Nach einem Bericht der „Bild“-Zeitung rechnet die Bundesregierung damit, dass diese Maßnahme Rentner eine Milliarde Euro Steuerentlastung bringt. Würde die Aktivrente 2026 eingeführt, sind im Bundeshaushalt deswegen Mindereinnahmen von 900 Millionen Euro eingeplant, im Jahr 2027 wären es eine Milliarde Euro.
Kanzler Friedrich Merz betonte im ZDF-Sommerinterview, dass es keine Pflicht geben solle, länger zu arbeiten: „Wir wollen das auf der Basis der Freiwilligkeit versuchen“, so Merz. Das gelte insbesondere für diejenigen, die es können und die es wollen, betonte der Kanzler.
Schon jetzt können Rentnern leichter weiter arbeiten - noch auf freiwilliger Basis. Mit den geplanten Steuernachlässen würde das noch attraktivere. Doch was bedeutet ´der Plan für Rentner konkret? Für FOCUS online rechnet Andreas Irion, stellvertretender Präsident des Verbandes der Rentenberater, anhand von zwei Beispielen vor, wie Rentner das meiste aus der Aktivrente machen.
1. Dank Steuerersparnis so viel Netto wie vorher – mit weniger Arbeit
Die erste Idee ist, dank der Aktivrente genauso viel Netto wie vorher zu erhalten, aber mit deutlich weniger Arbeit. Unser Beispielrentner hat bisher ein Bruttogehalt von 3000 Euro im Monat erzielt. Er kann im Januar 2026 mit 66 Jahren und zwei Monaten abschlagsfrei in Rente gehen. Dank der Aktivrente kann er zusätzlich 2000 Euro im Monat steuerfrei dazuverdienen. Er möchte ab Januar so viel Netto zur Verfügung haben wie bisher und ist dazu bereit, unter Berücksichtigung der Rente in reduziertem Umfang weiterzuarbeiten. So sieht seine Rechnung aus:
Bruttogehalt: 3000 Euro
Nettogehalt: 2050 Euro
Zu erwartende Nettorente: 1200 Euro
Lücke zwischen Rente und Vollzeit-Netto: 850 Euro
„Das bedeutet, dass der Neurentner in 2026 unter Ausnutzung der Aktivrente nur 950 Euro brutto im Monat verdienen muss, um unterm Strich zusammen mit der Rente sein bisherigen Nettogehalt zu erzielen“, rechnet Irion vor. Von den 950 Euro gehen aufgrund der Aktivrente keine Steuern ab. „Wir gehen jedoch davon aus, dass weiterhin Kranken- und Pflegeversicherung in der gewohnten Höhe abgehen, daher die Differenz von 100 Euro zwischen Brutto- und Nettogehalt“, so Irion.

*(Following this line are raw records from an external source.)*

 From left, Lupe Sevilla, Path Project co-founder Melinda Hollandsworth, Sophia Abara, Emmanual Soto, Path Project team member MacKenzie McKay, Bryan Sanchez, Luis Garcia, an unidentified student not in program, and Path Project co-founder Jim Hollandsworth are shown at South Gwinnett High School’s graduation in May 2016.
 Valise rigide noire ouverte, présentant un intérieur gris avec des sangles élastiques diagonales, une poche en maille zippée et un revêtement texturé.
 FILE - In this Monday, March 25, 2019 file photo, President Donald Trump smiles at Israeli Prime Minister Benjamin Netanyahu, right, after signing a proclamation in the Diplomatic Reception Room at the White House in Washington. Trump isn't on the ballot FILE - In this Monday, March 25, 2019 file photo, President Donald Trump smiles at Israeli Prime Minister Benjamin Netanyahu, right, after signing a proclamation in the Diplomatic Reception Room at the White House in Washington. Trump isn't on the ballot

Der Neurentner muss also lediglich 32 Prozent seines früheren Bruttos erzielen. Bei einem 40-Stunden-Job und Acht-Stunden-Tagen wären das 1,6 Tage. Mit weniger als zwei Tagen Arbeit die Woche hätte der Rentner also die Lücke zwischen Rente und Netto-Gehalt, auch oft als Rentenlücke bezeichnet, geschlossen. Zumindest so lange er weiter arbeitet.
Der verwendeten Rentenhöhe liegt die Annahme zugrunde, dass der Neurentner 45 Jahre lang so viel verdient hat, dass er jedes Jahr Rentenansprüche in demselben Umfang erworben hat wie ein sozialversicherungspflichtig Beschäftigter mit 36.000 Euro brutto im Jahr 2025.

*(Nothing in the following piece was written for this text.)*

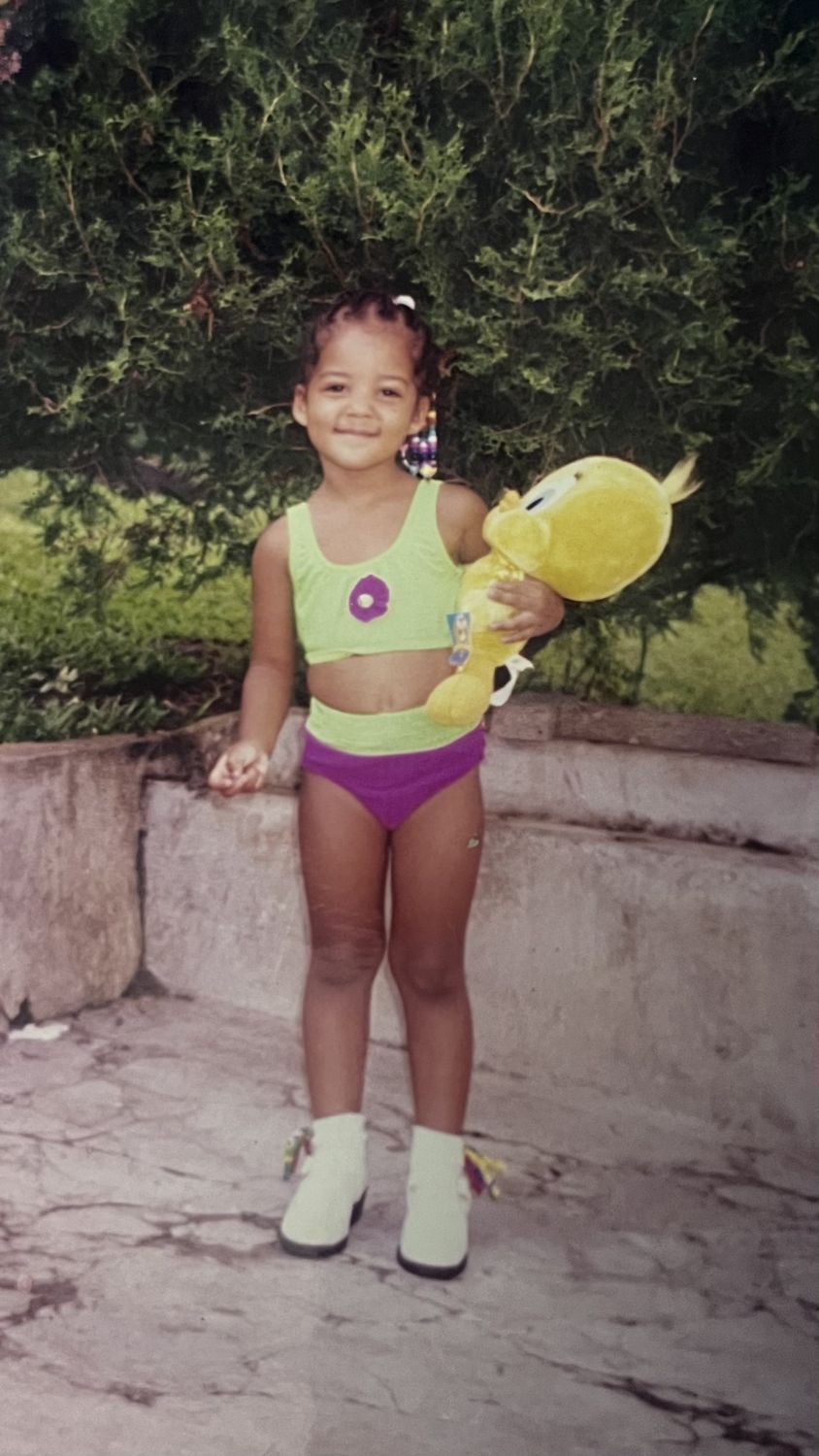 The founder as a child in a swimsuit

2. So früh in Rente wie möglich
Der zweite Beispielrentner erfüllt sich den Traum vieler Deutscher und reduziert sein Arbeitspensum so früh wie möglich. Er kann mit 63 Jahren in Rente gehen, muss dafür jedoch Abschläge bei seiner Altersrente hinnehmen. Die Aktivrente kommt für ihn noch nicht infrage, denn bisher scheint sie sich lediglich an Arbeitnehmer zu wenden, die die Regelaltersgrenze erreicht haben. Diese steigt jedes Jahr bis sie für die Jahrgänge 1963 und jünger bei 67 Jahren liegen wird. Dennoch möchte unser Arbeitnehmer seine Arbeitszeit reduzieren – und dank Rente genauso viel Netto in der Tasche haben wie vorher.
Bruttogehalt: 3000 Euro
Nettogehalt: 2050 Euro
Zu erwartende Nettorente: 955 Euro
Lücke zwischen Rente und Vollzeit-Netto: 1095 Euro
Die Aufstellung zeigt sofort: Der angehende Rentner verzichtet im Vergleich zu seinem Gegenpart aus Beispiel eins auf 245 Euro Rente – und zwar sein Leben lang.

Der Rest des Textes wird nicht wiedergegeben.